A writers’ strike could put the brakes on your favorite new television show after the Writers Guild of America (WGA) authorized its leadership to walk out if negotiations on a new contract are not successful.
WGA-East, which represents TV and film writers east of the Mississippi River, voted to authorize its board to grant a strike, one day after WGA-West’s members authorized its leadership to do the same Monday.
The Writers Guild of America (WGA) is comprised of two separate unions, the WGA-East, which represents 3,700 TV and film writers, and WGA-West, which represents over 20,000 TV and film writers, based predominantly in the Los Angeles area.
A second vote must pass for the writers to strike, as the votes this week simply authorizes WGA leadership to initiate a strike vote through online voting in April. A majority of the guild is expected to vote in favor, according to Forbes, meaning that a walk out is likely should upcoming negotiations falter ahead of a May 1 deadline.
Writers are asking for wage increases and additional funding for healthcare and pensions. The guild is concerned that as studios derive revenue from alternative platforms, television executives are producing more programming, but fewer episodes according to CNN.

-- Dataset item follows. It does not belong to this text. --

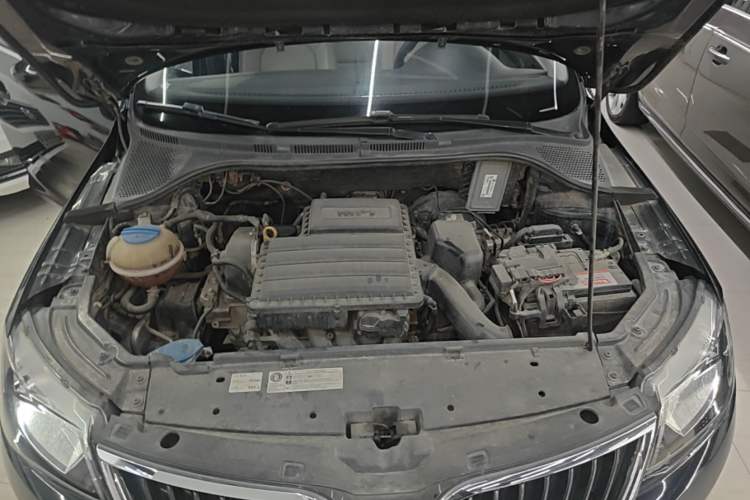 Used Skoda Rapid 2016 1.6L Automatic Zunxing Edition Engine Bay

TV writers are hired for a certain number of episodes in many cases, with pay scale set by the WGA. As viewing patterns and the industry changes with technology, studios are producing more content, but fewer episodes per show. Writers are asking for a higher wage minimum, in order to make up for fewer episodes.
Negotiations between the writers and the Alliance of Motion Picture and Television Producers (AMPTP) began March 13, but recently broke off, according to Deadline, after writers asserted that AMPTP officials responded no to “virtually every proposal.”
After negotiations began with relative calm, the guild’s negotiating committee informed its members Friday that they have unanimously recommended that the “WGAW Board of Directors and WGAE Council conduct a strike authorization vote by the membership,” which both organizations have now done.
The AMPTP issued its own statement, telling Deadline that, “the WGA broke off negotiations at an early stage in the process in order to secure a strike vote rather than directing its efforts at reaching an agreement at the bargaining table.”
Writers went on strike ten years ago, in November, 2007, which disrupted television production, and resulted in revenue loss for the television networks. The central issue underpinning the strike at the time was digital revenue and the writers were able to win over some concessions from the networks.
TV writers earned an average of $194,478 in 2015 and film writers earned an average of $181,267, according to a WGA financial report released last summer. Both sides plan to restart negotiations in the coming days.